===== MATERIAL SHOWN
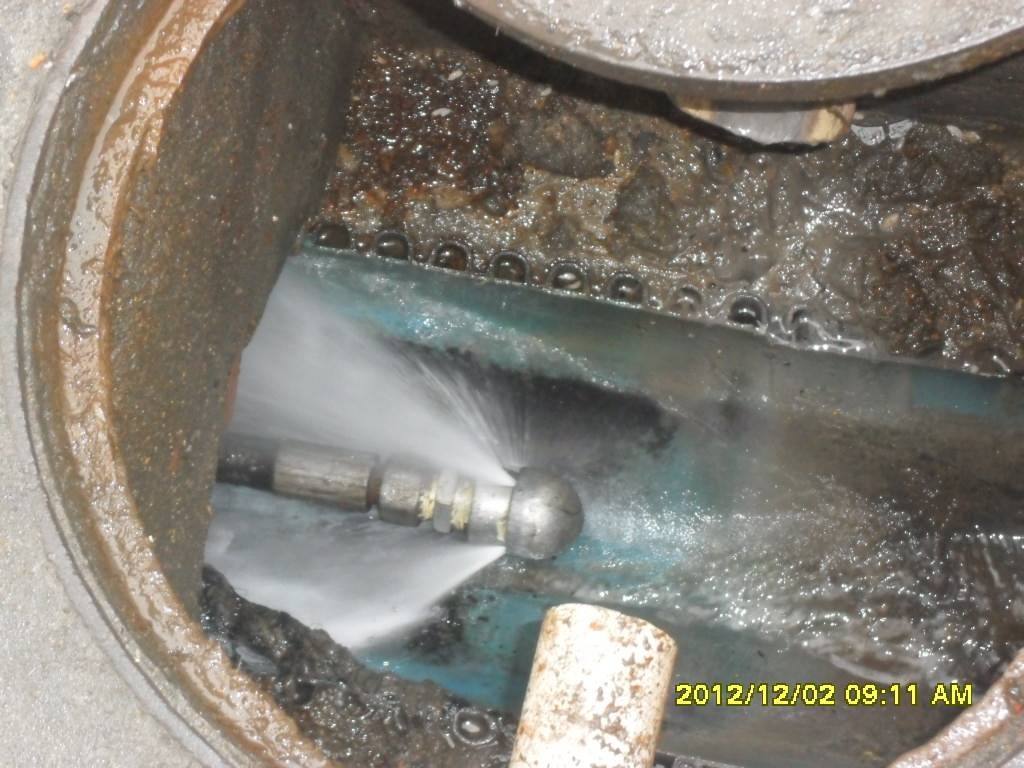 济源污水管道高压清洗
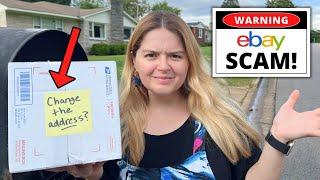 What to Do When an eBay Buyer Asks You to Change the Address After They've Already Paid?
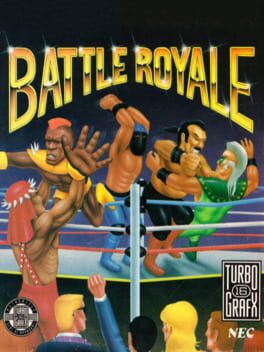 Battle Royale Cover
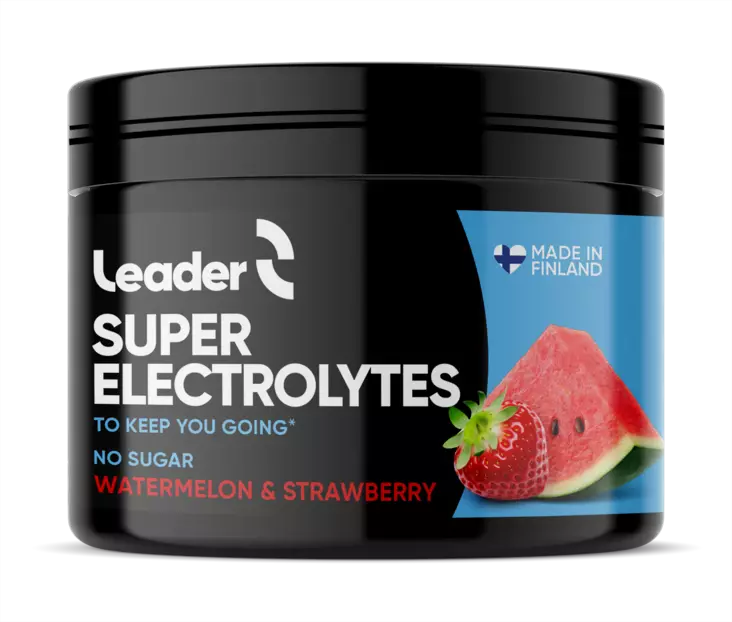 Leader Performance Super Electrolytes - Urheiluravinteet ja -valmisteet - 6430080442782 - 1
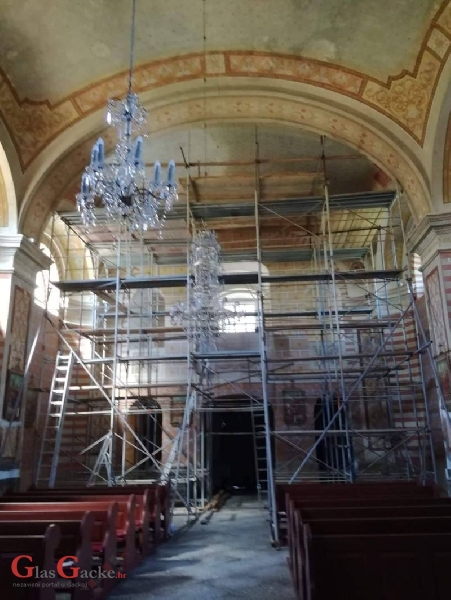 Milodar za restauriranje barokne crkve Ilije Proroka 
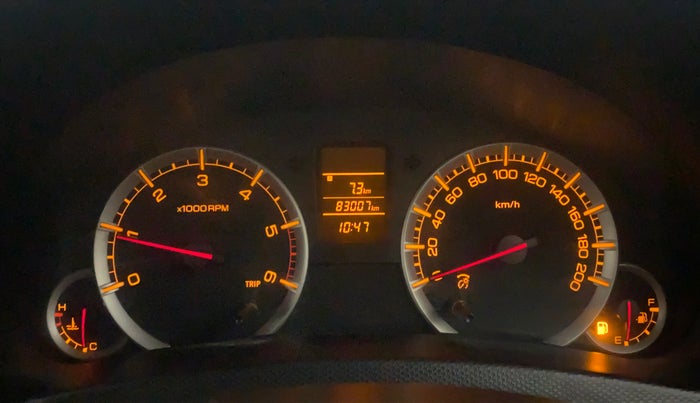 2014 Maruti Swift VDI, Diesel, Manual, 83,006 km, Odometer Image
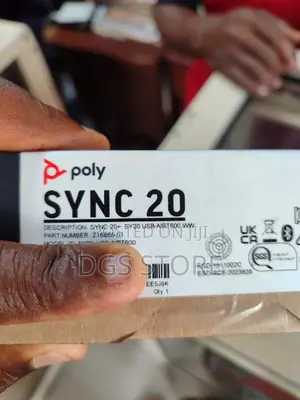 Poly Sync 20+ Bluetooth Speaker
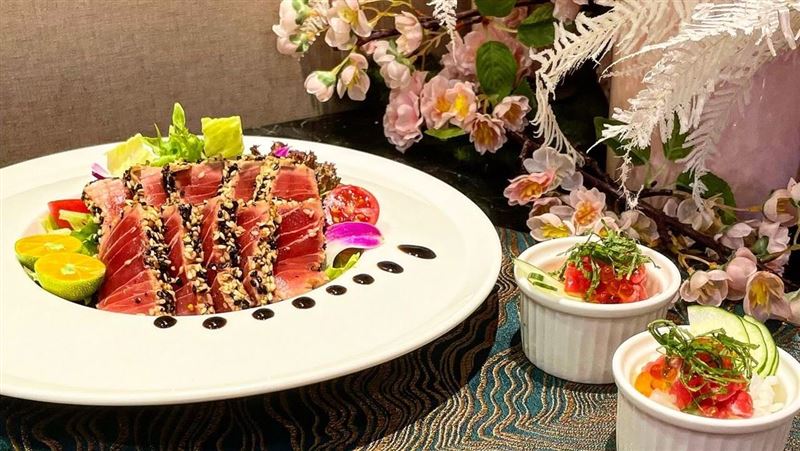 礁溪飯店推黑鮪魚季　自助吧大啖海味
==========
> **WORK REQUIRED**
Restate the data word for word and exclude every picture.

> **SOLUTION FOR THIS PROBLEM**
 济源污水管道高压清洗
 What to Do When an eBay Buyer Asks You to Change the Address After They've Already Paid?
 Battle Royale Cover
 Leader Performance Super Electrolytes - Urheiluravinteet ja -valmisteet - 6430080442782 - 1
 Milodar za restauriranje barokne crkve Ilije Proroka 
 2014 Maruti Swift VDI, Diesel, Manual, 83,006 km, Odometer Image
 Poly Sync 20+ Bluetooth Speaker
 礁溪飯店推黑鮪魚季　自助吧大啖海味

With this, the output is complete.